* [ACTIVITY]
Where the records below show a line containing "Chrysler Pacifica - 4", start copying; end with the line containing "Sam Nirmala Launching Baju", and copy it too.

_ _ _ _ _ _ _

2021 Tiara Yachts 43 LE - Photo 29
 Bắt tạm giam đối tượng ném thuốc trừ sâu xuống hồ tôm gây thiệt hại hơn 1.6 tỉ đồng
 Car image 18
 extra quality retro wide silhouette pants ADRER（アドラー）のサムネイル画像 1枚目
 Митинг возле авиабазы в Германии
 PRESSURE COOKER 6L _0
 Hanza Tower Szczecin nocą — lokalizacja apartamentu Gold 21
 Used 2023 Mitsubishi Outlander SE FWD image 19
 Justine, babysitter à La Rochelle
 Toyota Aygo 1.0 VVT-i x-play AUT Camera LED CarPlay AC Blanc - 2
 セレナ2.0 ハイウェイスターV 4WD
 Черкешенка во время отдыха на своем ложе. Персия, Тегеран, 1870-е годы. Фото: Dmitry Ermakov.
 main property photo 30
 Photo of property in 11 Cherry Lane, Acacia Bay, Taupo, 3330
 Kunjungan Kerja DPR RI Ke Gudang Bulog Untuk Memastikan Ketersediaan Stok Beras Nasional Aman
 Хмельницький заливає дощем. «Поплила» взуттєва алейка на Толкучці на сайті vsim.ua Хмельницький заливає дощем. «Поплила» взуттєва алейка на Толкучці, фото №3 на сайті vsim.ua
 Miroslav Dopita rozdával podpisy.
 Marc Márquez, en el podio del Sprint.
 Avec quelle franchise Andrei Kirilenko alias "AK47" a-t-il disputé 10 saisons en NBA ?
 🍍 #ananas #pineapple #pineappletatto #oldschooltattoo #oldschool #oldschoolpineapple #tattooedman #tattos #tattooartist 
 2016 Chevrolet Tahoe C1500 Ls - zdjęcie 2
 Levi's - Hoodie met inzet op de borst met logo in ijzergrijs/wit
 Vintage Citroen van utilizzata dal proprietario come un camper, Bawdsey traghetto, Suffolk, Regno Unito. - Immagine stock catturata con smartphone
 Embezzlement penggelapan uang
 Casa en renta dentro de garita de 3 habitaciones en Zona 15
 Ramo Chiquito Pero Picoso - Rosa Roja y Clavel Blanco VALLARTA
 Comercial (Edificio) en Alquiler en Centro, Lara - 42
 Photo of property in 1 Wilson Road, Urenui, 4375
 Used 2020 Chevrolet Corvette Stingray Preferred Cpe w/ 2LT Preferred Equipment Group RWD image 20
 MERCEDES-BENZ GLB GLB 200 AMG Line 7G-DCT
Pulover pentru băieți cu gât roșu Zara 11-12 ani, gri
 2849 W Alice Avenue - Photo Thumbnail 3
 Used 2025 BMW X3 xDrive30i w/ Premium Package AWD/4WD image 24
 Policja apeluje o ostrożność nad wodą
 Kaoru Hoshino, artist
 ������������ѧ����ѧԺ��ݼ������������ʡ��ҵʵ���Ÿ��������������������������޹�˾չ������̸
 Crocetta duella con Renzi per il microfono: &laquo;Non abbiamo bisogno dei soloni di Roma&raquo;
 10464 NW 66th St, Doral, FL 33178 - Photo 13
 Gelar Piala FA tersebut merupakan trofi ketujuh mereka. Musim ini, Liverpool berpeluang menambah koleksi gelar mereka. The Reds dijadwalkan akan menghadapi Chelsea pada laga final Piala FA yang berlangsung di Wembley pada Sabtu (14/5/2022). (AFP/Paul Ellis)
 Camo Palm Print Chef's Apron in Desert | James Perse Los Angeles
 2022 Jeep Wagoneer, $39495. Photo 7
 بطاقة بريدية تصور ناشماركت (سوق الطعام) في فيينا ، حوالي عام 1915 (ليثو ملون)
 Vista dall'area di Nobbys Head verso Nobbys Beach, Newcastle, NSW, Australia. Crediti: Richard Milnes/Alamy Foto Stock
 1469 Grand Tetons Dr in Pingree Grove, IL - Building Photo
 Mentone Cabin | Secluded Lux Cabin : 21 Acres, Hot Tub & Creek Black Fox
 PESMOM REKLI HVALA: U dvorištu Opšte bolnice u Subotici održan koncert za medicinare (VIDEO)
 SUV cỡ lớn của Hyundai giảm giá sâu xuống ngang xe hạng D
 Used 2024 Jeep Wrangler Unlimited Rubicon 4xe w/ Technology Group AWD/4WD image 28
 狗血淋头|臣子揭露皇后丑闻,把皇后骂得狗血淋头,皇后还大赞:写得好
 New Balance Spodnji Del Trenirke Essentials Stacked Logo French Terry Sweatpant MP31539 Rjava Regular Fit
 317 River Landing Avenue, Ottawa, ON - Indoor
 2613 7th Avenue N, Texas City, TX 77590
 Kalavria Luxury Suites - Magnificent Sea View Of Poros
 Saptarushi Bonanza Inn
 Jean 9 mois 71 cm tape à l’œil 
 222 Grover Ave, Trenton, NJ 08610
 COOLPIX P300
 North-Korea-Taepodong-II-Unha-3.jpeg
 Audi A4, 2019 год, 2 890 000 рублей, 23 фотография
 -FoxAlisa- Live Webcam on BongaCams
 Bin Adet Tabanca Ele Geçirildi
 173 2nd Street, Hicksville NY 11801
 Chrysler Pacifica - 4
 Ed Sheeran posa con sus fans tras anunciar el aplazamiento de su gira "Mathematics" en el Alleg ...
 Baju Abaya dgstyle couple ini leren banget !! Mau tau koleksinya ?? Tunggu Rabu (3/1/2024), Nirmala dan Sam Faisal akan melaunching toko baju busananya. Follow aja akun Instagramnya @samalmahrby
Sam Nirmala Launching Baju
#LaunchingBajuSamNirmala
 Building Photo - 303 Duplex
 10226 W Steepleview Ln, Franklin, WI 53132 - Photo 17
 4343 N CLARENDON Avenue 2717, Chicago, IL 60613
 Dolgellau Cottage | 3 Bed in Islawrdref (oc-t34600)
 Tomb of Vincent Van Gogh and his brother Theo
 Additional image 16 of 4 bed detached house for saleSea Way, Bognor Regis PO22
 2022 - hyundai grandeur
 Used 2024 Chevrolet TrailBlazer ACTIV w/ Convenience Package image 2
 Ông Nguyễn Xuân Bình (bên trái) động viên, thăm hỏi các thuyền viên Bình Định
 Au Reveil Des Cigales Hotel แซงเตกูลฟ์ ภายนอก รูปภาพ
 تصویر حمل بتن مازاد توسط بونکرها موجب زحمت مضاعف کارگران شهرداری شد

_ _ _ _ _ _ _

* [EXERCISE SOLUTION]
 Chrysler Pacifica - 4
 Ed Sheeran posa con sus fans tras anunciar el aplazamiento de su gira "Mathematics" en el Alleg ...
 Baju Abaya dgstyle couple ini leren banget !! Mau tau koleksinya ?? Tunggu Rabu (3/1/2024), Nirmala dan Sam Faisal akan melaunching toko baju busananya. Follow aja akun Instagramnya @samalmahrby
Sam Nirmala Launching Baju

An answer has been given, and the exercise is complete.